Poi l'affondo: «I pm violano la legge, vanno contro il parlamento, la procura di Milano non ha competenza né funzionale né territoriale». I processi sono tutti una «farsa», le accuse «infondatissime», «non c'è alcun reato penale». «Chi pagherà per quest'attività che, a mio modesto avviso, ha soltanto finalità eversive?» chiede. Risposta: «Naturalmente intenterò una causa allo stato perché, come sapete, non c'è la responsabilità dei magistrati. Ed è una cosa da cambiare che cambieremo». Perché la maggioranza, assicura, «è in continuo miglioramento, cresce di votazione in votazione», non c'è più l'ostacolo dei finiani e «certe riforme si possono fare, a partire da quella della giustizia».

Poi convoca le sue truppe prima a palazzo Grazioli, poi a via dell'Umiltà e infine ancora a Palazzo Grazioli: «sono innocente», è «una persecuzione», «non mi faccio processare sui giornali e in tv». Nel frattempo incassa il pieno appoggio di Umberto Bossi, anche lui convinto che i pm abbiano «esagerato»: non dovevano chiedere il rito immediato, ma trasferire gli atti al «giudice naturale», cioè al tribunale dei ministri, perché così ha stabilito «il Parlamento a maggioranza assoluta».

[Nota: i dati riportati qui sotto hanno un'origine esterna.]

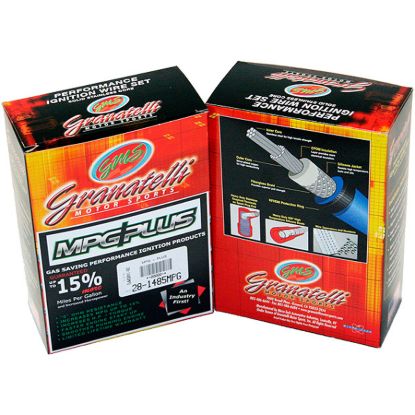 Picture of Granatelli Motor Sports Spark Plug Wire - 20-1808S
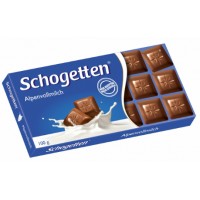Шоколад Schogetten Альпійський молочний, 100 г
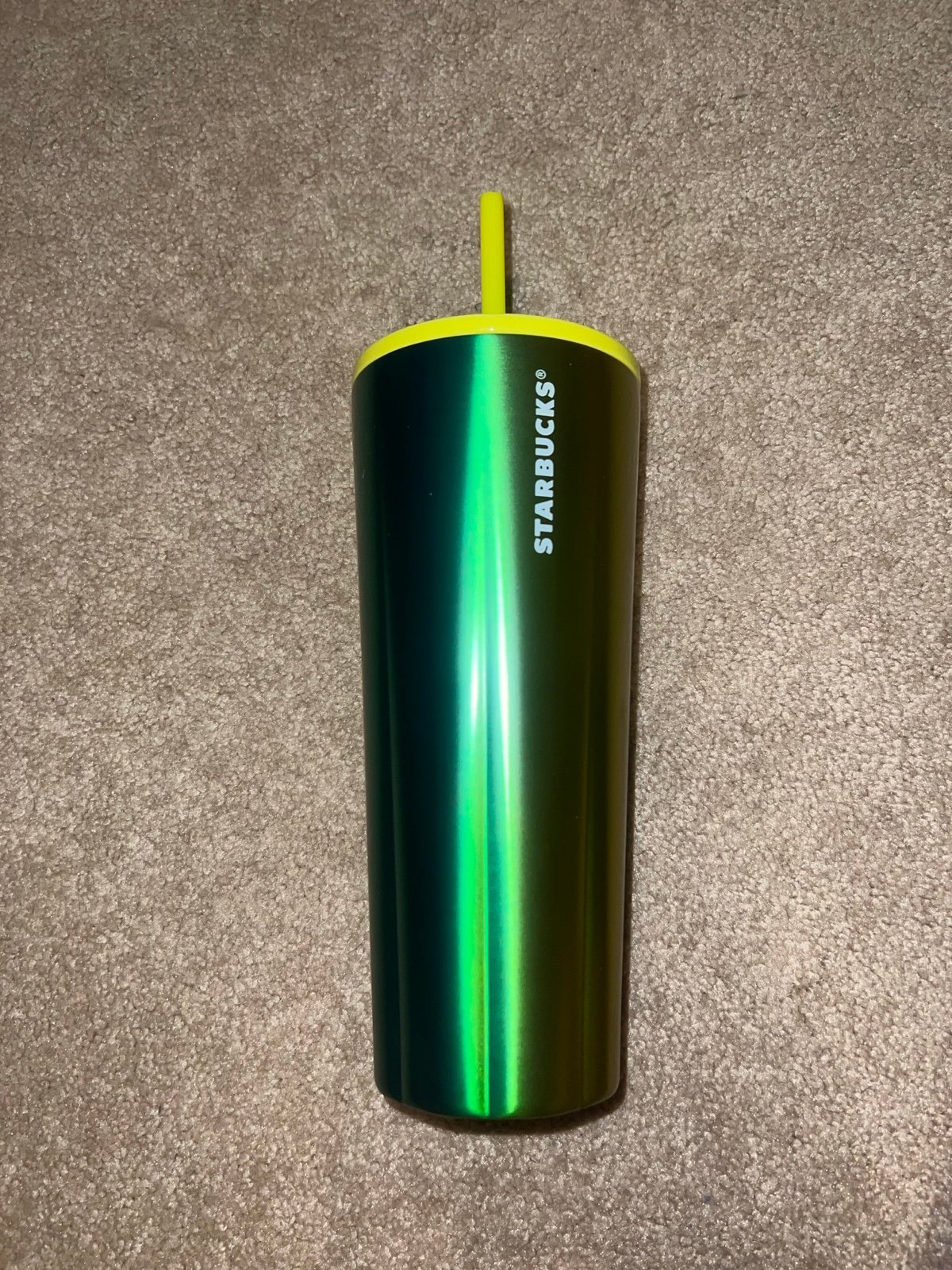 Starbucks stainless tumbler cup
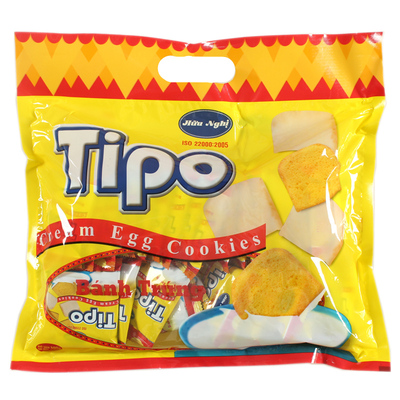 lipo越南进口300g牛奶饼干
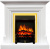 Royal Flame Каминокомплект Bradford - Белый с очагом Fobos FX Brass Royal Flame Каминокомплект Bradford - Белый с очагом Fobos FX Brass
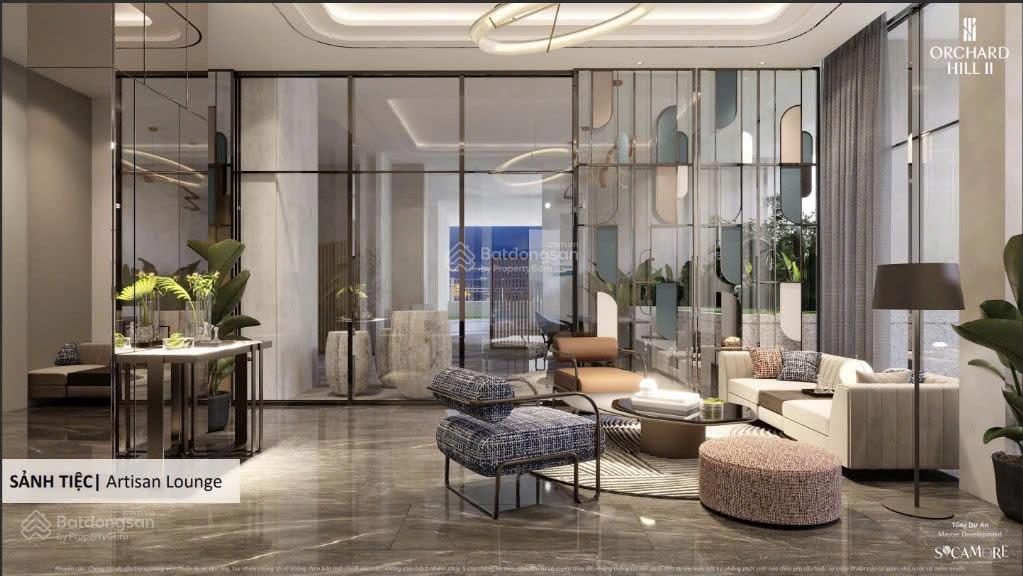 Quá rẻ căn 3pn 113m² giá 4.750 tỷ (giá tốt) căn góc 2 view chung cư orchard hill cuối 2026 nhận nhà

Il conflitto di attribuzioni contro la Procura è ormai solo una questione di giorni ma c'è chi propone anche di presentare a Brescia una denuncia per «attentato agli organi costituzionali. L'opposizione è indignata per i toni, le parole, le misure annunciate. Ma ormai è guerra aperta. Per dovere d'ufficio, Niccolò Ghedini, uno dei difensori del premier, dice che «continua ad auspicare che il Gip non voglia accogliere questa totalmente infondata richiesta di giudizio immediato» ma poi aggiunge: «Non ci spero molto, purtroppo siamo a Milano». Insiste sulla «grave situazione istituzionale», conferma che Berlusconi potrebbe far causa allo stato per chiedere i danni, ma poi frena: «Per intanto facciamo il processo, poi ci penseremo».